やはり収納アイテムを所持しているようだ。そして商人として収納スキルに価値を見出し、仕事を依頼したいとも伝えてきた。

右も左もわからない世界で、出会って間もないのに色々と助けてもらっている以上、断ることは失礼にあたると思ったので、収納スキルを活用した依頼はできる範囲で受けようと思う。

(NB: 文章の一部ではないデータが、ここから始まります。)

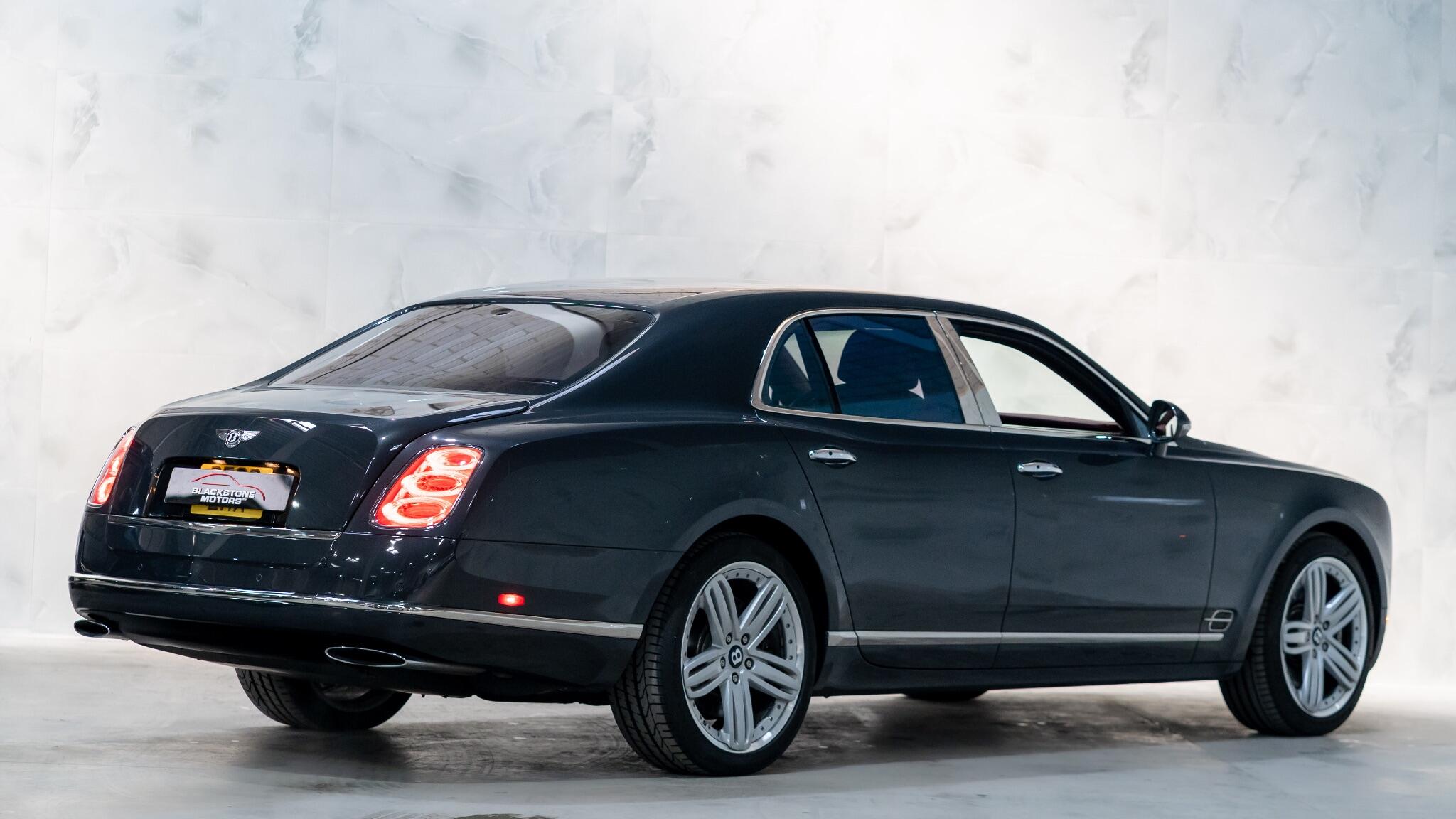 Bentley Mulsanne view 6
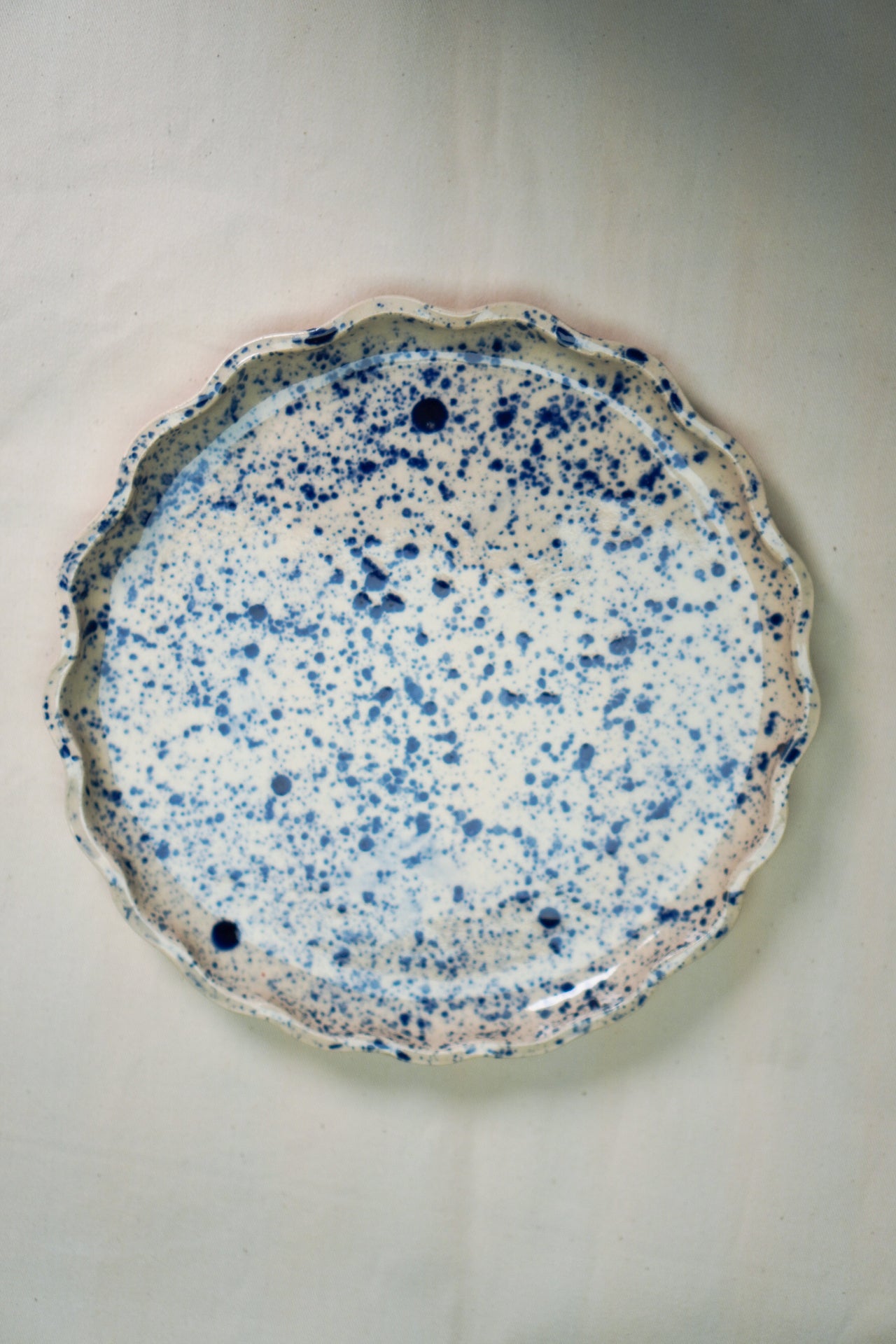 Talerz z falbanką kobalt splashes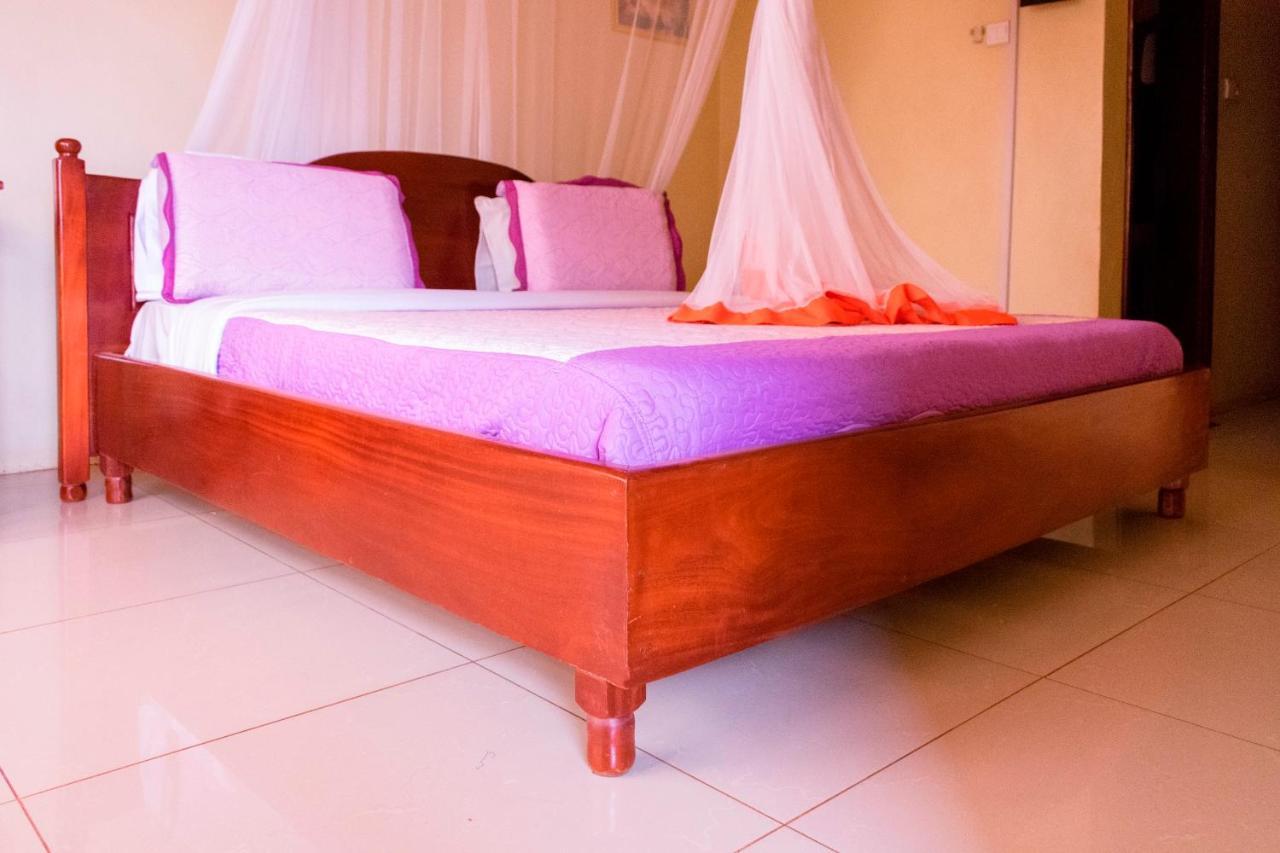 Kahondo Buffalo Hotel Makerere Esterno foto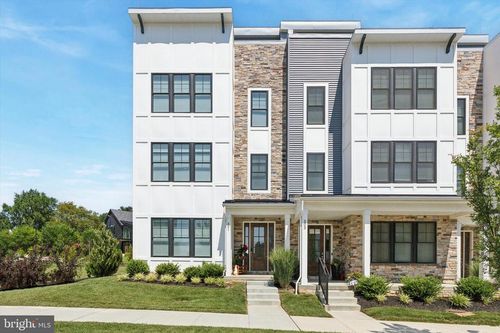 301 Squire Dr, NEWTOWN SQUARE, PA, 19073-2345 | Card Image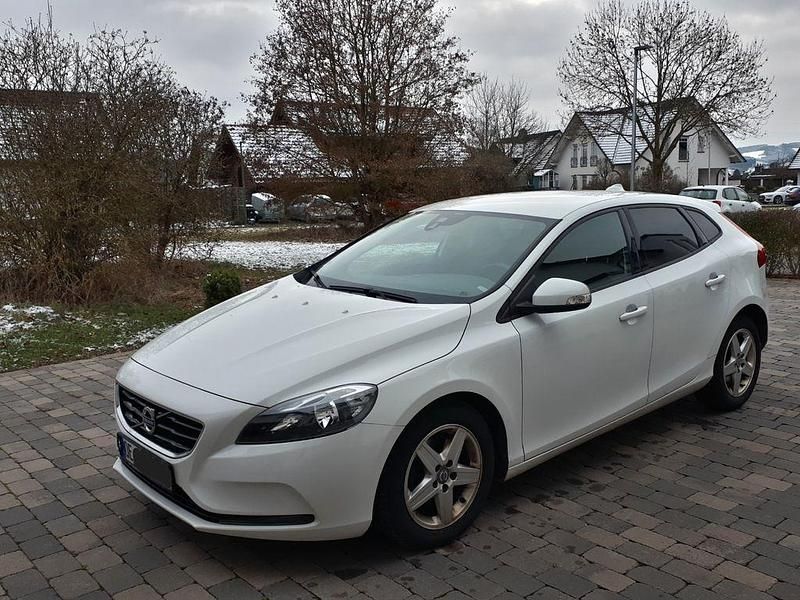 Weiß Gebraucht 2012 Volvo V40 Limousine | 9.000 € (Fairer Preis) - Bild 1/4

1依頼あたりの報酬は、運ぶもの・運ぶ量・拘束日数を加味して決めることになったが、1依頼あたり月間報酬の40万Gを下回ることはないと言われた。なんとか暮らしていけそうだ。


その後雑談をし、その日はお開きとなった。


まだ日が高いのでバッサに場所を聞いて、散策がてら冒険者ギルドに行って登録をしてしまうことにした。

が、バッサは場所を教えはくれず、案内してくれることになった。

曰く、今後は私の護衛兼付き人になるらしい。


道中は町の風景や、立ち並ぶ露店を見ながらだったので退屈はしなかった。

露店は食品が一番多く、続いて生活雑貨や中には小動物を販売しているところもあった。

食品は『肉の串焼き』や『肉と野菜のスープ』など簡単に食べることのできる物や、肉や魚、野菜などの食材が並んでいた。

肉の串焼きを2本買い、バッサと食べながら冒険者ギルドに向かった。ちなみに串焼きは1本300Gとリーズナブルな価格だった。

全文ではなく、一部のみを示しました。